There are several things which set Vinodelnya Vedernikoff and its wines apart from the others. For one, it is the sense of place, so preciously valued today in the world of wine. Vedernikoff wines, through their aromas and flavours, are able to tell a story of the river Don and its limestone soils, of fragrant steppe herbs and rare grapes, of harsh climate and tenderly cared for vineyards.
Local grapes, some of them truly unique, provide another point of difference. Several varieties, like Rkatsiteli, Aligote and Riesling, were brought from elsewhere, but have a long history of growing in this place, while others are indigenous to the area. Two grapes in particular—Sibirkovy and Krasnostop—are believed to have their origin in khutor Vedernikov, and are the winery’s greatest treasure.

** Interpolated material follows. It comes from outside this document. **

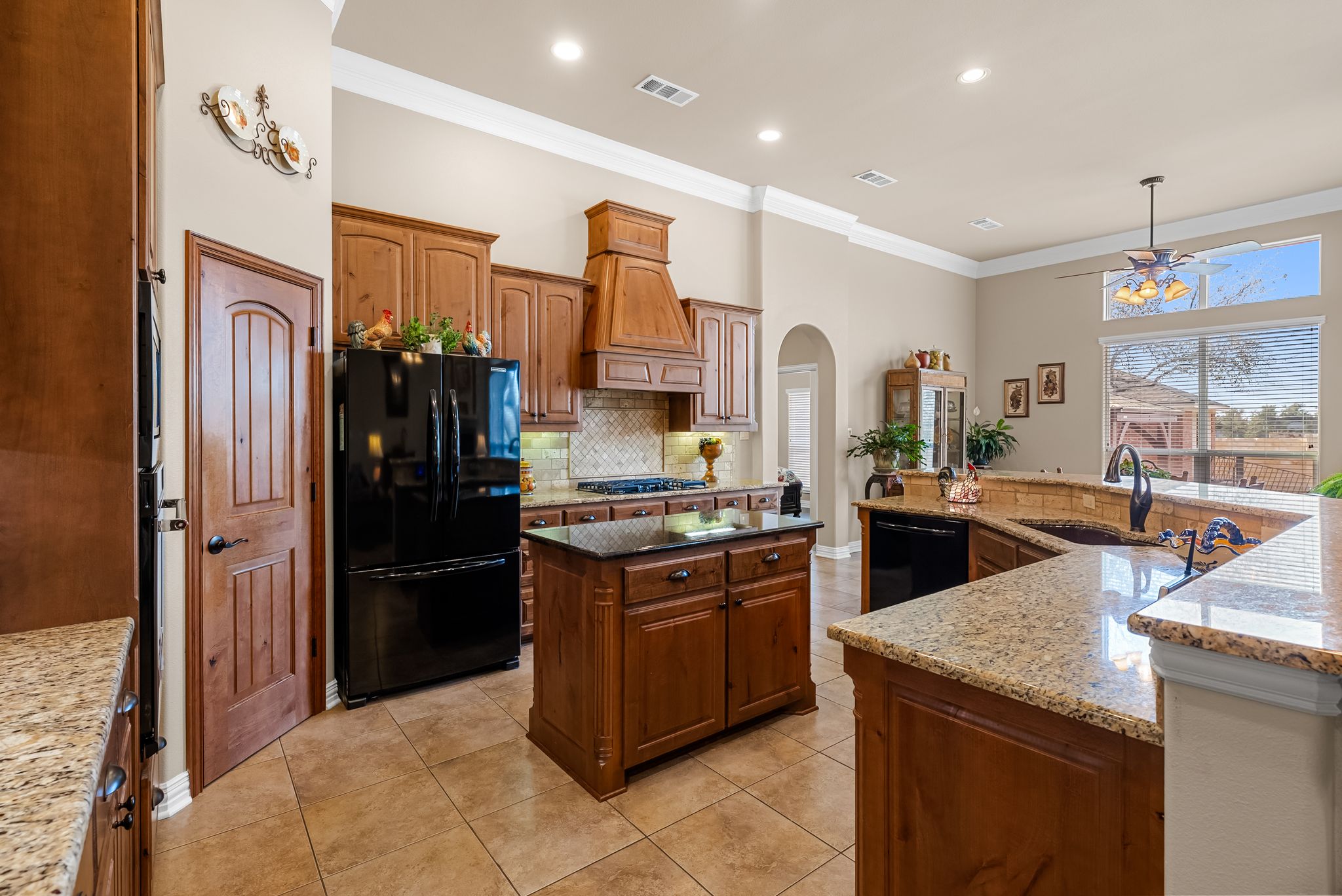 1735 Alta Vista Loop Temple, TX 76502 - Photo 18 of 38 a kitchen with stainless steel appliances granite countertop a refrigerator a sink a stove and a refrigerator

White Sibirkovy may suggest a possible connection with Siberia, but in fact the name is misleading. It is named after a local bush, sibiryok, used for making brooms. Cossacks noticed that sibiryok’s bright yellow flowers exude aromas, similar to those in wine. This prompted them to call the grape Sibirkovy.
Mikhail Pakhalyuk, in charge of Vedernikoff’s vineyards, explains that this is a particularly delicate variety. It grows very slowly and yields grapes with thin skin and a creamy taste, not dissimilar to that of the curiously named but popular Russian soufflé sweets “Bird’s Milk”. Despite its delicate nature, Sibirkovy is difficult to vinify. It presents new challenges with each harvest and is not produced every year.
The 2010 vintage features an aromatic wine with a lovely perfume of flowers, steppe herbs and citruses, full flavours, appealing minerality, ginger spiciness and a lingering taste. Vinodelnya Vedernikoff is the only winery making commercial quantities of Sibirkovy, albeit limited. There are only 13 hectares under cultivation, and a maximum 25,000 bottles of this wine will be made for the 2010 vintage.
Vedernikoff red flagship variety is Krasnostop. Grape berries are attached to a red stem, or stopa, hence the name. The grape was brought from a nearby village, but was put to wider cultivation in khutor Vedernikov. The name of the original village is still mentioned in the grape’s extended name, Krasnostop Zolotovsky. Unlike Sibirkovy, Krasnostop has a very robust vine—tough as reinforced concrete, says Mikhail Pakhalyuk. The winery pays double rates to prune it. Vinodelnya Vedernikoff makes a varietal wine that shows typical plumminess, spiciness and strong tannic structure and also uses Krasnostop for blending with other grapes for Pravoberezhnoye, or Right Bank, wine.
From the 2010 vintage onwards some Krasnostop will be aged in small oak barrels, to tame the grape’s powerful tannins and give it an extra layer of complexity. This is the most promising Russian red variety, capable of producing wines with depth, structure and potential for aging. Vinodelnya Vedernikoff has already achieved good results. Hopefully, it will continue to improve, and one day will present Krasnostop at its greatest.
The limits of space prevent me from discussing other wines under the Vinodelnya Vedernikoff label, all worth tasting. But there is something else that I must mention. Have you ever heard of a vineyard that is covered with soil for winter and uncovered again every spring? The practice exists in some places in Northern America and China, but—to the best of my knowledge—nobody does this in Europe.
But the climate here is too harsh on vines in winter, thus they have to be protected with a thick blanket of earth from November to April. It’s odd walking the vineyards when vines cannot really be seen.
I will be off again to Vinodelnya Vedernikoff in the summer—to explore the vineyards and hopefully enjoy a glorious view of the Don.